Akhtubinsk is a Russian Air Force base located near Akhtubinsk, Astrakhan Oblast, Russia.

The base is home to the 929th State Flight Test Centre named for V. P. Chkalov.

The then-State Red Banner GK Scientific Research Institute VVS was moved to the base from Chkalov in Moscow Oblast in 1960, and the 1st (fighters and fighter-bombers), 2nd (bombers), 5th (radio range), 9th (route measuring complex), and 10th (nuclear test) Scientific-Experimental Departments of the Institute were set up at Akhtubinsk that year.

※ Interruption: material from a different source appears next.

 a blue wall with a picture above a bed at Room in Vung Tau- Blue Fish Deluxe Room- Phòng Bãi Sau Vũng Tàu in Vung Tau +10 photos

In 1990 the institute received its current name. 

The aerodrome was in use for testing as early as 1948; in June 1948, V. D. Lutsenko, a test pilot and Hero of the Soviet Union crashed in an aircraft of unknown type. On October 27, 1949, test pilot E.S. Greenfield died in a crash of a La-15 aircraft at Akhtubinsk during the first show of aviation equipment. On April 9, 1963 test pilot V. I. Grotsky died during a test flight of a Sukhoi Su-7B fighter-bomber aircraft near Akhtubinsk airfield.

Aircraft 
5 of the advanced 5th generation Sukhoi Su-57 (ASCC: Falon) supersonic combat jet were spotted on commercial satellite pictures in January 2023.